Help needed on Question D: Webpage Title - "Stuck on Question D? Get Help Here!

[juanma101285]

Hi, I have the following problem, but I am stuck on question D. I would really appreciate if someone could give me a hand! I think I have to use Bayes' theorem, but I don't know how :/. Thanks!

Homework Statement

"A page of typescript contains 40 lines, with 80 characters per line. Each character has probability p=0.001 (independently of the others) of being erroneous.

A) What is the probability that a particular line contains no errors (i.e., no erroneous characters)?
B) What is the probability that a particular line contains more than one error?
C) What is the probability that the page contains exactly two errors?
D) Given that the page contains exactly two errors, what is the probability that they occur on separate lines?"

Homework Equations

Bayes Theorem (I think)

The Attempt at a Solution

A)
p(x=0)=80C0*(0.001^0)*(0.999^80)=0.9231

B)
p(x=1)=80C1*(0.001^1)*(0.999^79)=0.0739
So,
p(x>1)=1-p(x=0)-p(x=1)=0.003

C)
p(x=2)=3200C2*(0.001^2)*(0.999^3198)=0.2087

D)
I do not know how to work out p(errors are on separate lines|page contains 2 errors). If Bayes' theorem is not needed, it would then be with the formula:

p(errors on separate lines|page has 2 errors)=p(errors on separate lines AND page has 2 errors)/p(page has 2 errors)... but how do I get the numerator for this division? :/

 

[Ray Vickson]

Hi, I have the following problem, but I am stuck on question D. I would really appreciate if someone could give me a hand! I think I have to use Bayes' theorem, but I don't know how :/. Thanks!

Homework Statement

"A page of typescript contains 40 lines, with 80 characters per line. Each character has probability p=0.001 (independently of the others) of being erroneous.
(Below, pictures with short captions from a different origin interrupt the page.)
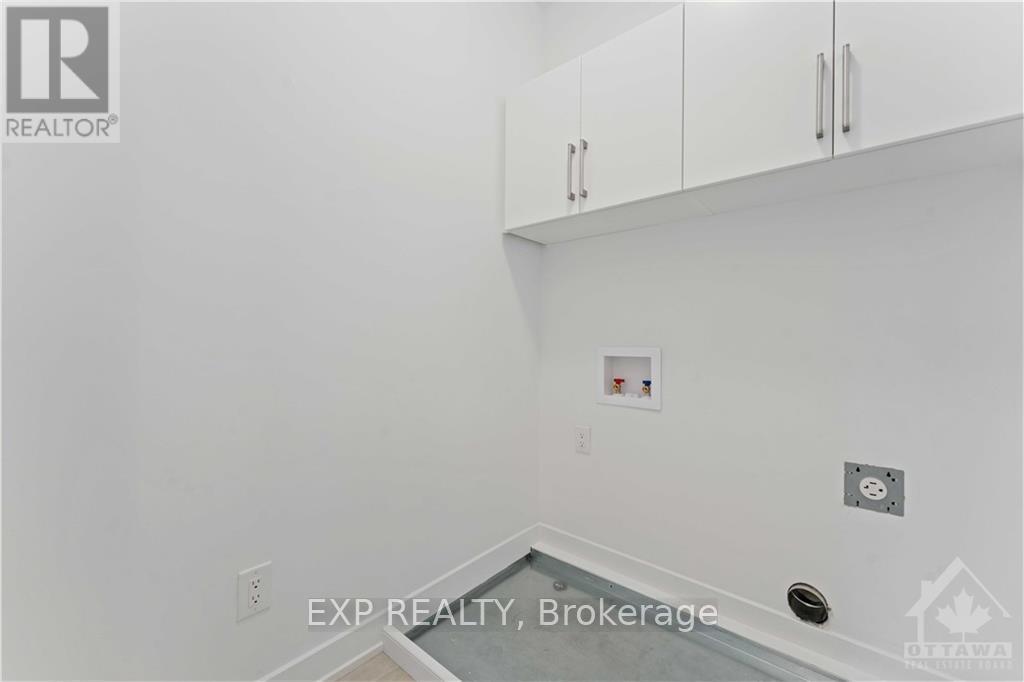 511 ADANAE WAY - 18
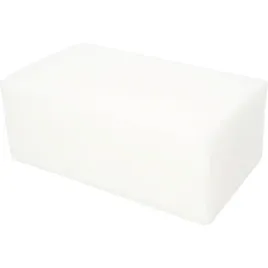 ks-tools-160-0438-rozbudowa-mocowania-podnosnik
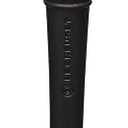 Le Creuset Revolution Bi-Material Saute Spoon, 13.5" x 2.5", Marseille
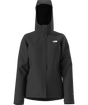 The North Face Venture 2 Jacket Women's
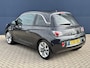 Opel Adam 1.4 Slam | Climate control | Parkeersensoren | Cruise control |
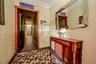 Entrance Foyer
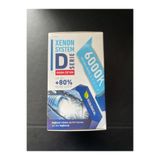 Photon D1s 6000k Son Sürüm Yeni Nesil 80% Fazla Işık Xenon Ampül Magna Edition (PARÇAMAR)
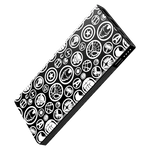 Load image into Gallery viewer, boAt Energyshroom PB300 10000mAh Power Bank
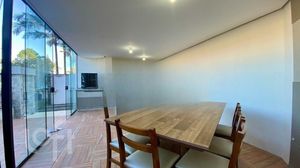 Image 15 - 918531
A) What is the probability that a particular line contains no errors (i.e., no erroneous characters)?
B) What is the probability that a particular line contains more than one error?
C) What is the probability that the page contains exactly two errors?
D) Given that the page contains exactly two errors, what is the probability that they occur on separate lines?"

Homework Equations

Bayes Theorem (I think)

The Attempt at a Solution

A)
p(x=0)=80C0*(0.001^0)*(0.999^80)=0.9231

B)
p(x=1)=80C1*(0.001^1)*(0.999^79)=0.0739
So,
p(x>1)=1-p(x=0)-p(x=1)=0.003

C)
p(x=2)=3200C2*(0.001^2)*(0.999^3198)=0.2087

D)
I do not know how to work out p(errors are on separate lines|page contains 2 errors). If Bayes' theorem is not needed, it would then be with the formula:

p(errors on separate lines|page has 2 errors)=p(errors on separate lines AND page has 2 errors)/p(page has 2 errors)... but how do I get the numerator for this division? :/

When you are GIVEN that the page has two errors, the probabilities 0.001 and 0.999 are now irrelevant (do you see why?). You now just have two things that are to be distributed randomly among 40 lines.

RGV

 

[D H]

p(errors on separate lines|page has 2 errors)=p(errors on separate lines AND page has 2 errors)/p(page has 2 errors)... but how do I get the numerator for this division? :/

Sometimes it helps to look at the "opposite" problem. In this case, there are two ways that two errors on a page can be distributed over the lines that comprise that page: (1) The two errors can be on two separate lines, or (2) both errors can be on the same line. These are mutually exclusive and collectively exhaustive events. So, given that there are two errors on the page, can you calculate the probability they are on the same line? Here the numerator in the conditional probability expression is the probability that one line contains two errors and that the remaining 39 lines are error-free. Note that there are 40 ways this can happen.